Wouldn't it be a huge release to live in a world of such bedrock certainty as U.S. Supreme Court Justice Antonin G. Scalia? In his world, horses provide transportation, couriers carry wax-sealed parchment letters written with quills, false teeth are wooden and guns shoot only one ball at a time.
This is because the justice, who apparently doesn't want to just emulate John Jay or John Marshall as much as be them, called Americans idiots if they seek to interpret the Constitution as a living document. In other words, what was written in 1789 should in no way be modified, interpreted or applied -- other than strictly -- to modern life. Flexibility is bad. "The Constitution is not a living organism," he offered this week in his best not-Thurgood Marshall view, "it is a legal document. It says some things and doesn't say other things."
To extrapolate, would there be no civil or gender rights? No due process or protections against double jeopardy or self-incrimination? No need, in fact, for the Constitution's 27 amendments, including the 10 in the Bill of Rights, since the original cannot be violated? No reason, actually, for Supreme Court rulings interpreting the Constitution?
To be more serious, and give Scalia his due, he believes the document means what the framers wanted and just so. He does not object to amending it, since they made provisions for that. He objects to unelected judges essentially making law. On the two big social issues likely facing the court -- abortion and homosexual rights -- that the Constitution is silent on, he would let elected state legislatures decide rather than have the high court set national policy.
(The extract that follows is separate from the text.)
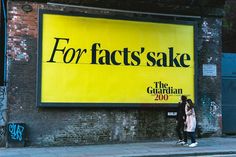 two people standing in front of a large sign on the side of a building that says for fact sake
Then why does Scalia, who benefits from President Bush moving the court to the right with its two most recent appointments, choose to insult a broad swath of American society? Is there anyone who follows the court who didn't know where Scalia stood before this week's speech to the Federalist Society for Law and Public Policy Studies? Maybe he just wanted to demonstrate that the First Amendment throbs as part of a living document that he can interpret and apply to modern life.